Yep. Pavlovs dogs, one warning and then leave. You’ll see then whether she prefers a relationship to the dopamine hit she gets when she has a go at you. Because that’s why she’s doing it, she gets a little hit of pleasure.

TorroFerney · 29/01/2026 11:00

Nabannas · 29/01/2026 10:52

I’ve had years of this and with a teen dd now I’m feeling the urge too. I think it’s years and years of being made so self conscious about my looks, that I have this heightened awareness of the things dd could get bullied for, and I feel this desperate urge to fix her so she’ll be ok.

It’s a cycle that needs breaking. I know that! I have the social supports of knowledge and education about the harms of criticism and nit picking, as well as the lived experience. But what helps most is knowing that she will have options and opportunities in life that aren’t dependent on her looks.

Women in their 90s now did not grow up knowing that, and it might help to realise that what you’re experiencing is the long tail of misogyny. We’ve been fighting for generations, and each generation can see the internalised misogyny of the last, because we are the legacy of their struggle.

But knowing the reason (and i accept what you are saying) doesn’t lessen the impact on you or the fact it shouldn’t be tolerated.

my mums a horrific misogynist by the way!

Thundertoast · 29/01/2026 11:08

A friend of mine got her mum to stop by saying 'if you dont have anything nice to say about my appearance, dont say anything at all please' and then every time her mum said something afterwards she'd say 'there you go again, putting me down for no reason. I'll be going now mum' (or if she couldnt leave, she'd get up and go to the bathroom and sit there for 5 minutes) and her mum did actually stop, because she couldn't really argue with it - although she did initially try saying 'im just trying to be helpful' to which friend just repeated 'I dont want your help on my appearance, if you dont have anything nice...' line.

GoldOP · 29/01/2026 11:09

Thanks for all your replies, I can see I’m not the only one with a challenging parent!
I think if she had only got like this recently I’d put it down to an elderly woman with no filter however as it’s been happening since my childhood then it is clearly her personality, as some have mentioned I can now see she does have narcissistic traits and always has.

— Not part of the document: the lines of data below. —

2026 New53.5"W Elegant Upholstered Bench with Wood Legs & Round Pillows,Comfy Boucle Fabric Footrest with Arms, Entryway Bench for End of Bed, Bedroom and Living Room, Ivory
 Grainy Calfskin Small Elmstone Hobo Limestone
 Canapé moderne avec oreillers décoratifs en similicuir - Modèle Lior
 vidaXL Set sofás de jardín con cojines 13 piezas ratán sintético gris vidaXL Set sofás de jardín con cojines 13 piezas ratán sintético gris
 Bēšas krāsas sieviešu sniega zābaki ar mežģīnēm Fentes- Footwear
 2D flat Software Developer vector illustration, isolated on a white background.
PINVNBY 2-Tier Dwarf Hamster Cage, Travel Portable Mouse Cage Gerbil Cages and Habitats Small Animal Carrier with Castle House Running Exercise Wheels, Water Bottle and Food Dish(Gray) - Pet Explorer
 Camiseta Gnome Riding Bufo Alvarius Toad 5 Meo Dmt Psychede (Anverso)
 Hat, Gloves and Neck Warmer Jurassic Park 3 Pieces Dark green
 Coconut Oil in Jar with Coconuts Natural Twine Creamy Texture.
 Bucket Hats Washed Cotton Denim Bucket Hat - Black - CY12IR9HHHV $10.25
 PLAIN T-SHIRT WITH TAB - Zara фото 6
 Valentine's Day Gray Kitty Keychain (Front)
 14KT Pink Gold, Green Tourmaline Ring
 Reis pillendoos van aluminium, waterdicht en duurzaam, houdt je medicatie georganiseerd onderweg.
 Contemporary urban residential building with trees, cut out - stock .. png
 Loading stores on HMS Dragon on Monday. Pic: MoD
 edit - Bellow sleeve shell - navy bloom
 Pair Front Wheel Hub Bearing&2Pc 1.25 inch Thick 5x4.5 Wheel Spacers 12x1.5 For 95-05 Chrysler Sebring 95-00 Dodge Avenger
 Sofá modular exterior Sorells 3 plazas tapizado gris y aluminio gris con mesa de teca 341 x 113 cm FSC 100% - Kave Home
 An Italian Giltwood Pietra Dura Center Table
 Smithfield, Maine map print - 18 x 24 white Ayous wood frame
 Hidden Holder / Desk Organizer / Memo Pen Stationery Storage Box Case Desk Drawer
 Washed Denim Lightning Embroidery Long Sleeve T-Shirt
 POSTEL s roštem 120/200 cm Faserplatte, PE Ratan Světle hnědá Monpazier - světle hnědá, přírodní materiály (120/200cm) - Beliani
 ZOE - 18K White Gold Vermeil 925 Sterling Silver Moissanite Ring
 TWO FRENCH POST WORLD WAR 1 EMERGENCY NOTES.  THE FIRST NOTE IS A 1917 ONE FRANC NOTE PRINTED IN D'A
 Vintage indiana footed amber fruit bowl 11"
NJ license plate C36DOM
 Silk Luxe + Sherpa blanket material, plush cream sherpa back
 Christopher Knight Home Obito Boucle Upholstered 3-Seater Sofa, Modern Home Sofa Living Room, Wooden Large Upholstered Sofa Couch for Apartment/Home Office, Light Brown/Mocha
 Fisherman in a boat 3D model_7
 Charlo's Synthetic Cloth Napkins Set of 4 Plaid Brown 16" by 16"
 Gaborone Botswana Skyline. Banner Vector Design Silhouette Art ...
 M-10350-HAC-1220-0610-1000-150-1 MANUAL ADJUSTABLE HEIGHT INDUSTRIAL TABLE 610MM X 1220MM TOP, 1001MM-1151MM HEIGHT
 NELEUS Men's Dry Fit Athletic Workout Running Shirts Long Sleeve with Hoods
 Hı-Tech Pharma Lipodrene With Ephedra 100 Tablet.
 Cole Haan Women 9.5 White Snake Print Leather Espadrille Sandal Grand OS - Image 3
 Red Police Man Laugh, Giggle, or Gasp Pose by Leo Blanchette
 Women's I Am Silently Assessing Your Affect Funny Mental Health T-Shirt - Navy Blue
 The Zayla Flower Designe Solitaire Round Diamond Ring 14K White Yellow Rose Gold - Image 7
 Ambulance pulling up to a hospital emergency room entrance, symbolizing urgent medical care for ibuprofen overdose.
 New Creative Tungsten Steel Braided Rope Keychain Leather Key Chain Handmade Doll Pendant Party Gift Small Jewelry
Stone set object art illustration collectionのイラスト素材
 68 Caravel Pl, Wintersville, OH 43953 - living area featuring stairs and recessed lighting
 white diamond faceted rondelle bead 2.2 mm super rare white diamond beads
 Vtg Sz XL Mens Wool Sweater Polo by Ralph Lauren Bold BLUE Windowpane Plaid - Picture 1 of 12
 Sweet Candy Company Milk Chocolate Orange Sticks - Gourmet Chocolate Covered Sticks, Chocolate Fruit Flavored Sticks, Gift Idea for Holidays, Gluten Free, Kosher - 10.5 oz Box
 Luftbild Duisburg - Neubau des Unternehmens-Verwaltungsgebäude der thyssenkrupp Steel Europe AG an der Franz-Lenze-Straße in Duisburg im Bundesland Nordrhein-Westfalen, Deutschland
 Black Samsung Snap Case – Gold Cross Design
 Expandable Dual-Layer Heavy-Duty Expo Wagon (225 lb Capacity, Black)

I can remember being about 8 and her running me a bath, she then made me stand there naked while she got me on the scales, told me I had a spare tyre and tree trunk legs. Laughable really that as the parent she controlled my diet and clearly let me become an overweight child, it was only when I took control of my own diet as an adult that I lost weight. Ironically I then got told I was too thin!

I got home y’day and told my dd that it was my turn to be told by nana I had chubby cheeks we both had a laugh about it, regardless of her/my age the comments still manage to hurt tho. I try and picture her at 52 when I will have been 14 and I’m pretty sure she wasn’t as fit (physically) and looked older than I do now!